* **Try it**
Give again, character for character, the lines that lie between the first line of the material and the line with "2-Tier Wood Rabbit", inclusive. Omit pictures.

* **Exercise data**
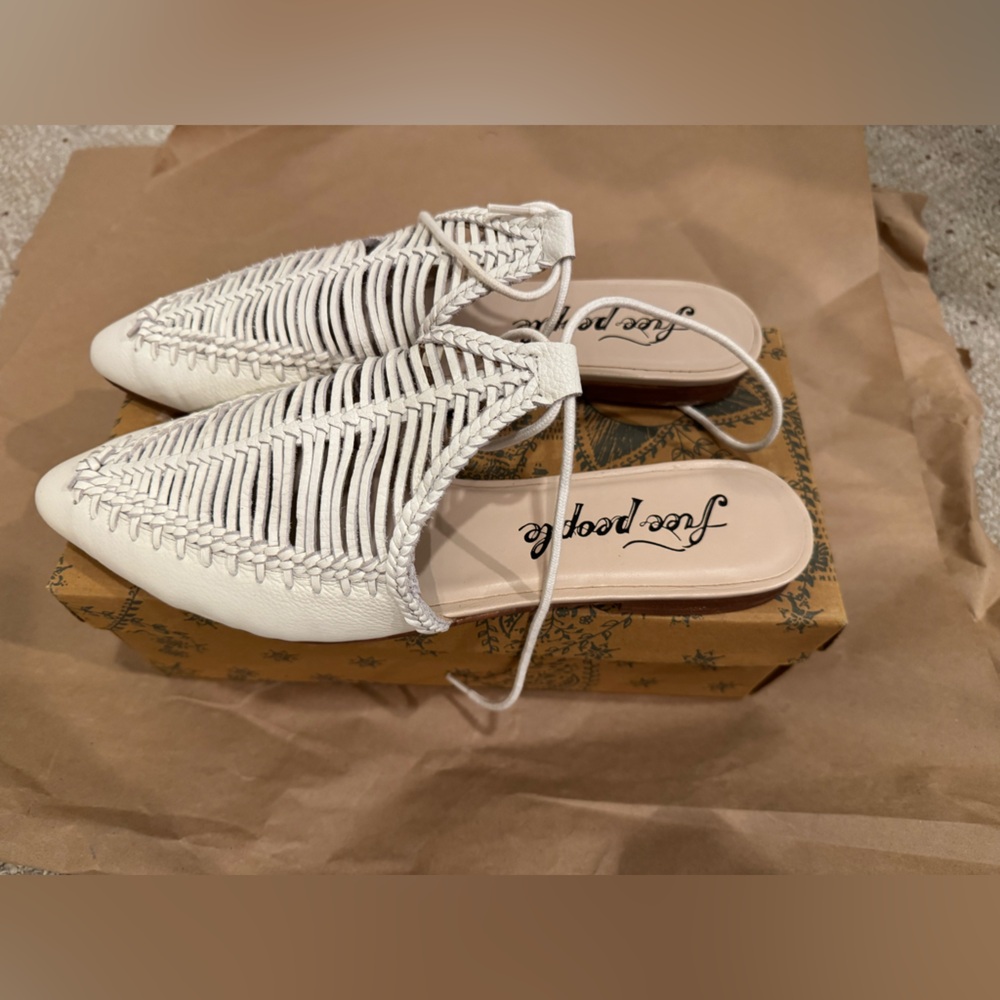 Free People Cream Woven Flats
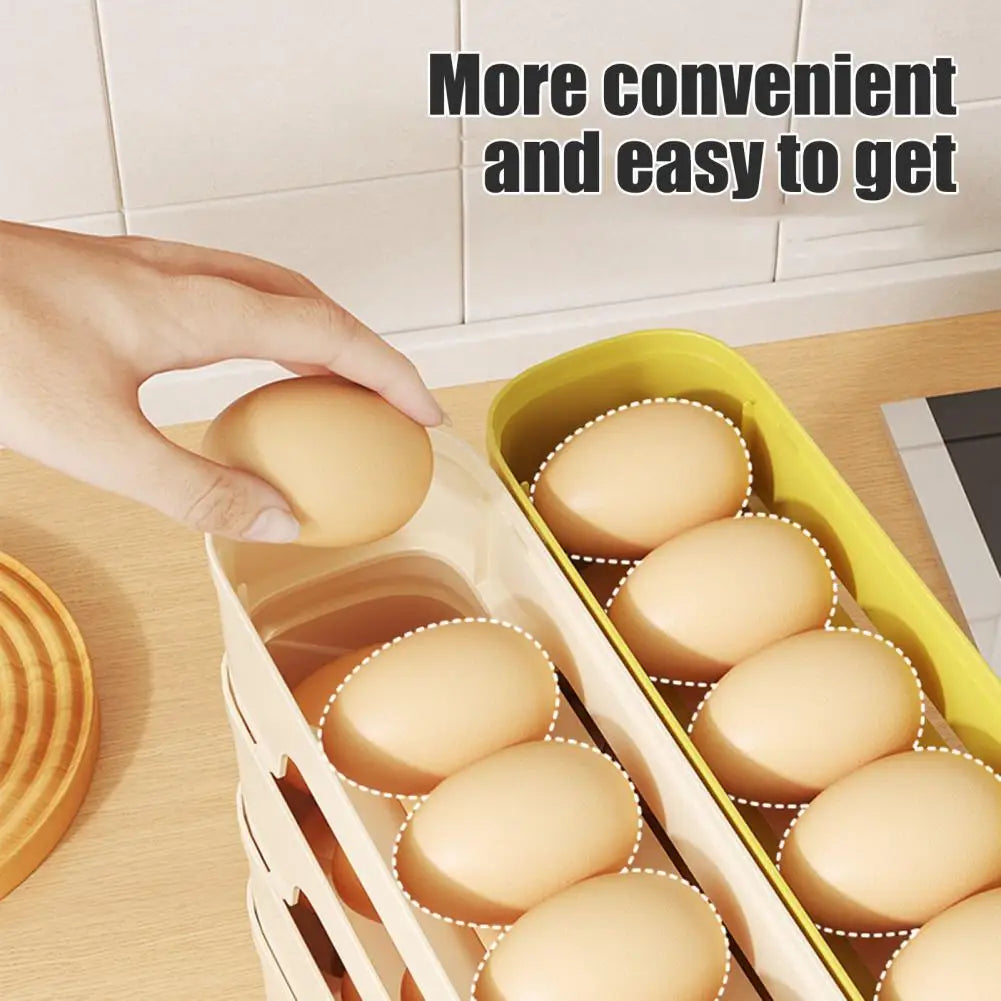 Clear 4-Tier Rolling Egg Storage Container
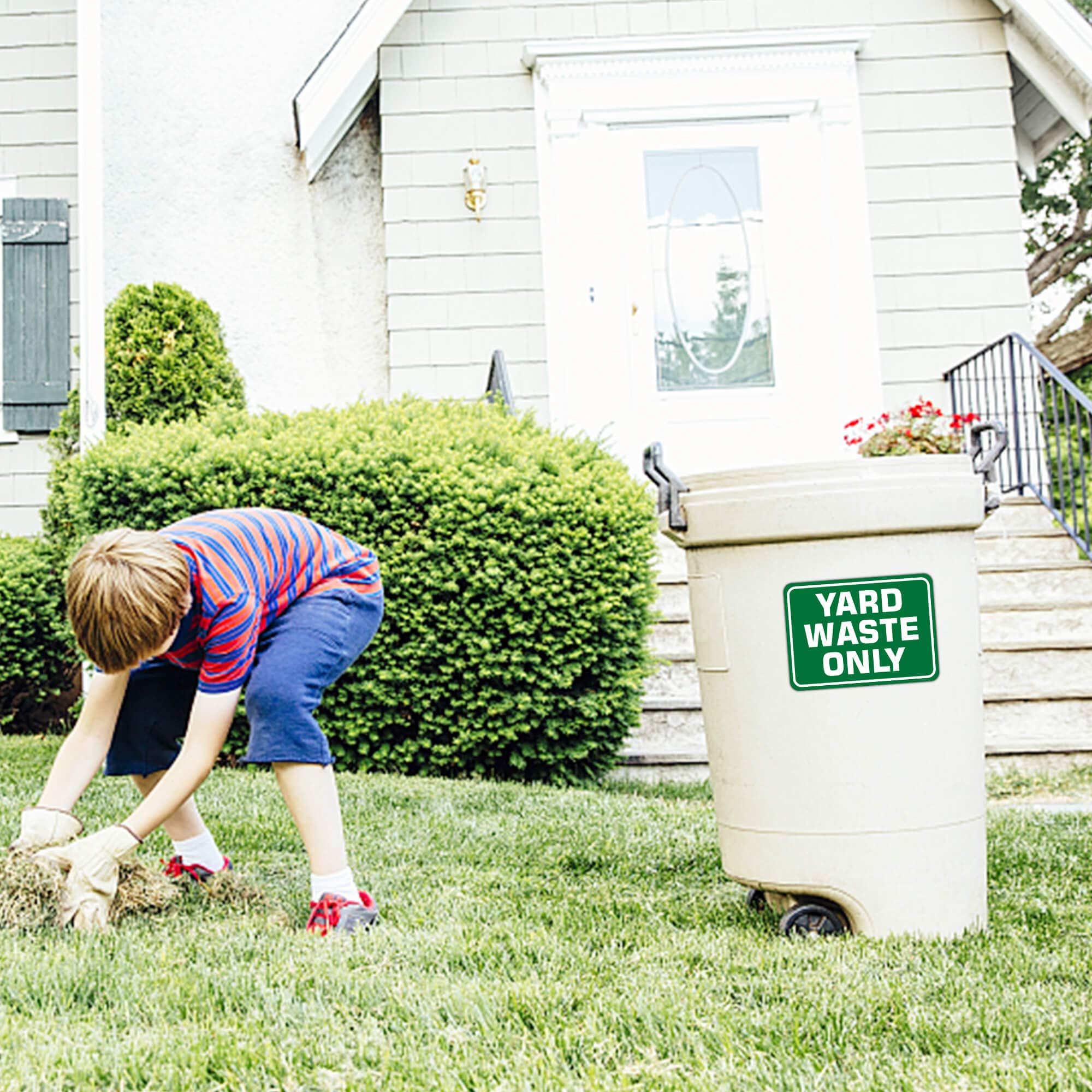 SMASMILE garbage can decal improves visibility and organization of waste streams.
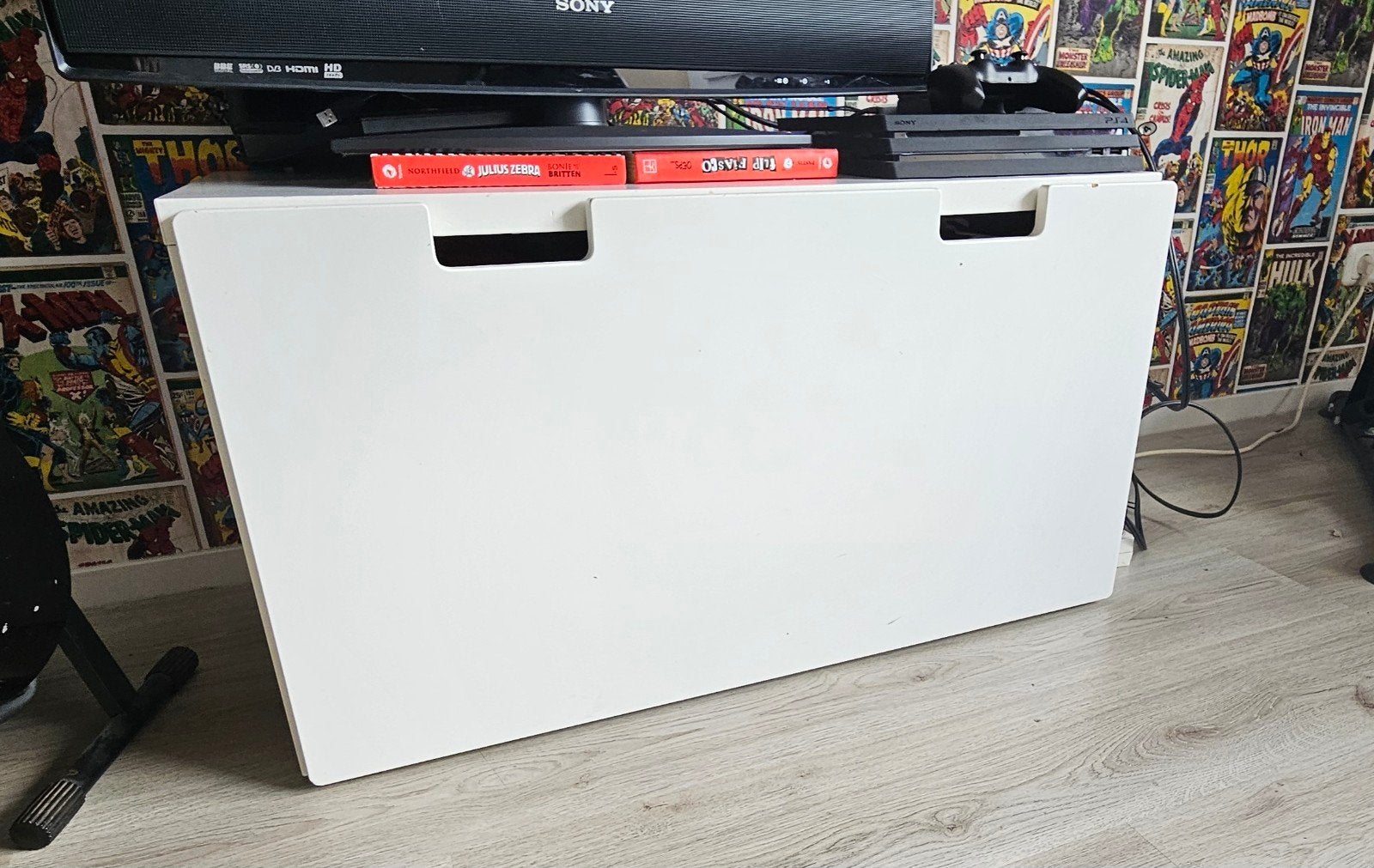 Witte TV-kast/dressoir met opbergruimte, Ophalen, Overige materialen, Gebruikt, 100 tot 150 cm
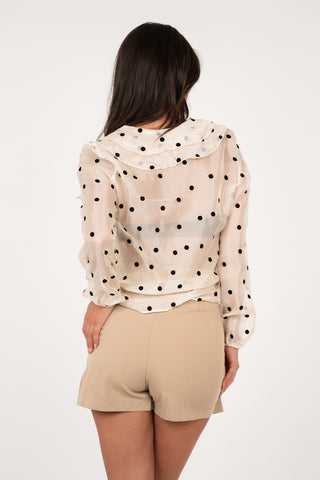 Blouse met stippen en ruffles beige - Cleo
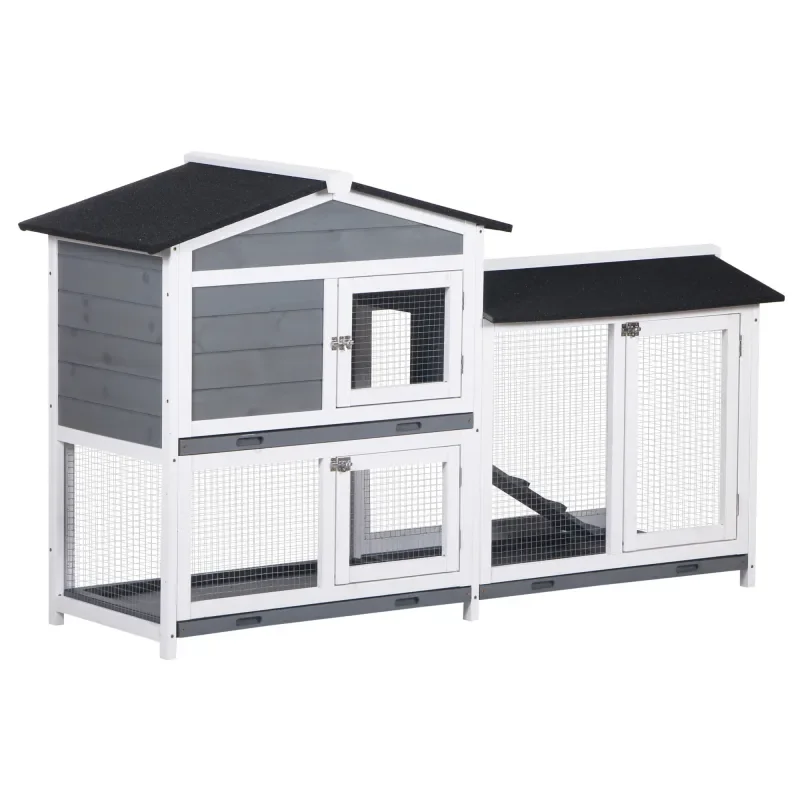 2-Tier Wood Rabbit Hutch with Ramp & Run – Backyard Small Animal House for 1-3 Rabbits, Outdoor Enclosed Cage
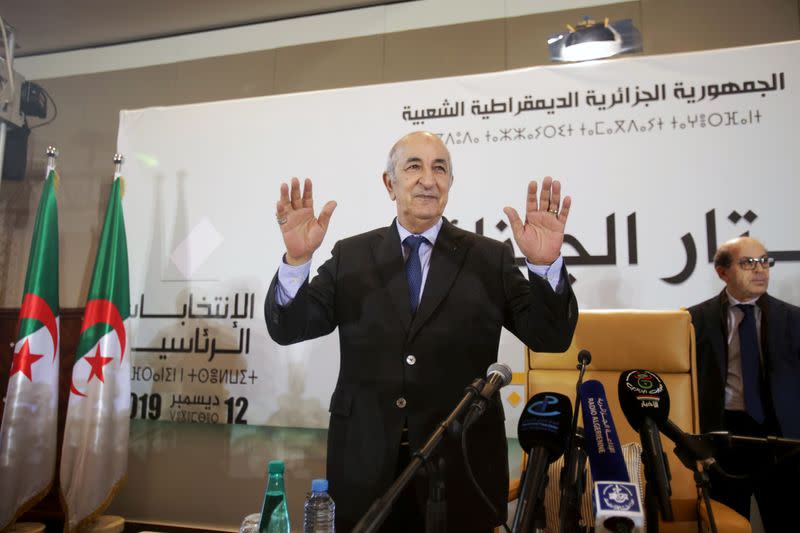 Newly elected president Abdelmadjid Tebboune attends a news conference in Algiers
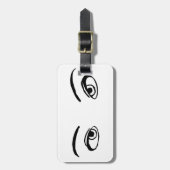 黒はっきりした白ミステリアスな目イラストレーション ラゲッジタグ (正面縦)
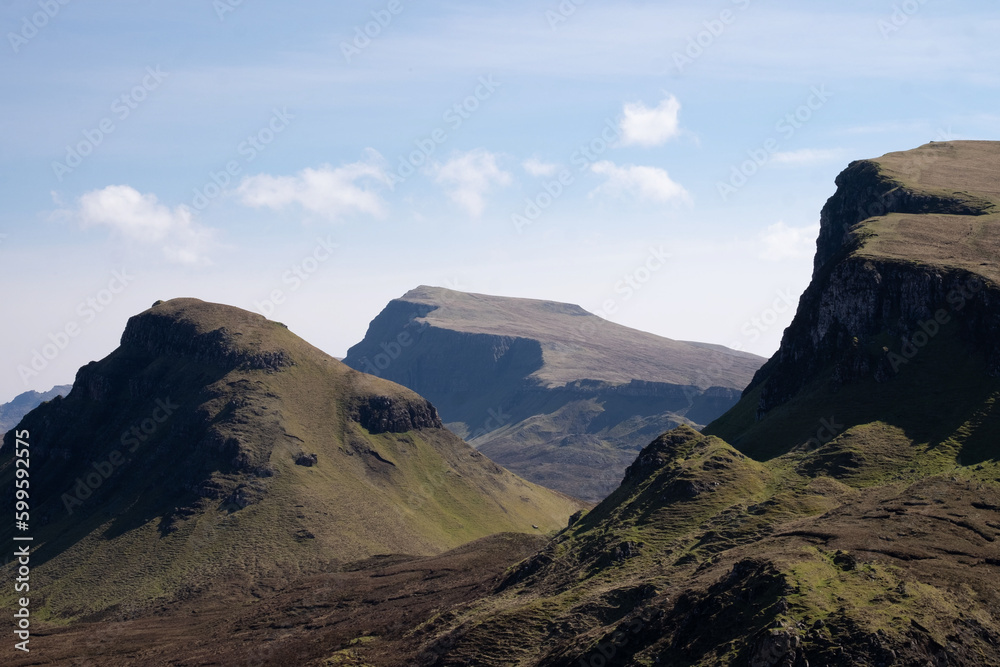 View of cliffs in The Quiraing nature reserve in Scotland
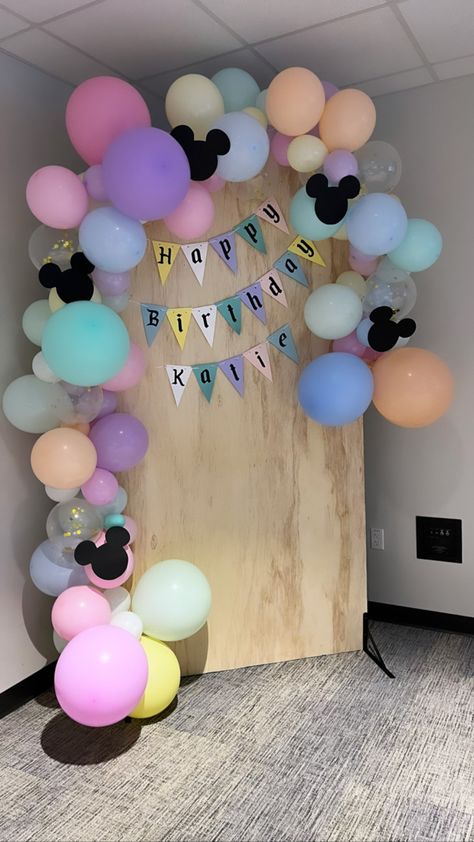 Disney Party Photo Backdrop, Disney Themed Backdrop, Disney Hotel Birthday Decorations, Minnie Mouse Vintage Birthday Party, Decorating Disney Resort Room Birthday, Disney Themes Decorations, Disney Theme 30th Birthday, Walt Disney World Birthday Party Theme, Disney Theme Park Birthday Party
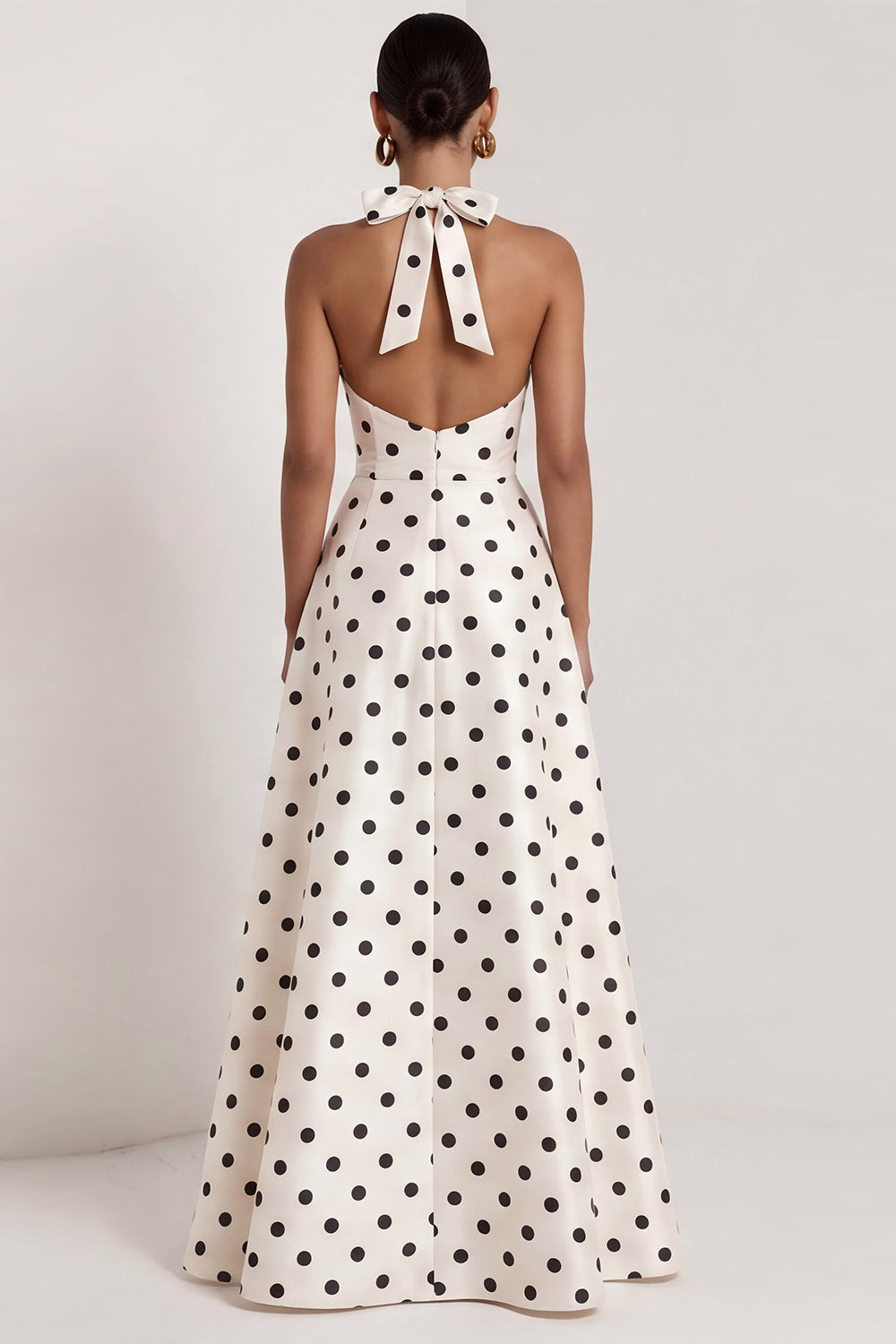 A-Line Satin Black White Dots Halter Neck Long Formal Dress with Slit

* **Answer to the problem**
 Free People Cream Woven Flats
 Clear 4-Tier Rolling Egg Storage Container
 SMASMILE garbage can decal improves visibility and organization of waste streams.
 Witte TV-kast/dressoir met opbergruimte, Ophalen, Overige materialen, Gebruikt, 100 tot 150 cm
 Blouse met stippen en ruffles beige - Cleo
 2-Tier Wood Rabbit Hutch with Ramp & Run – Backyard Small Animal House for 1-3 Rabbits, Outdoor Enclosed Cage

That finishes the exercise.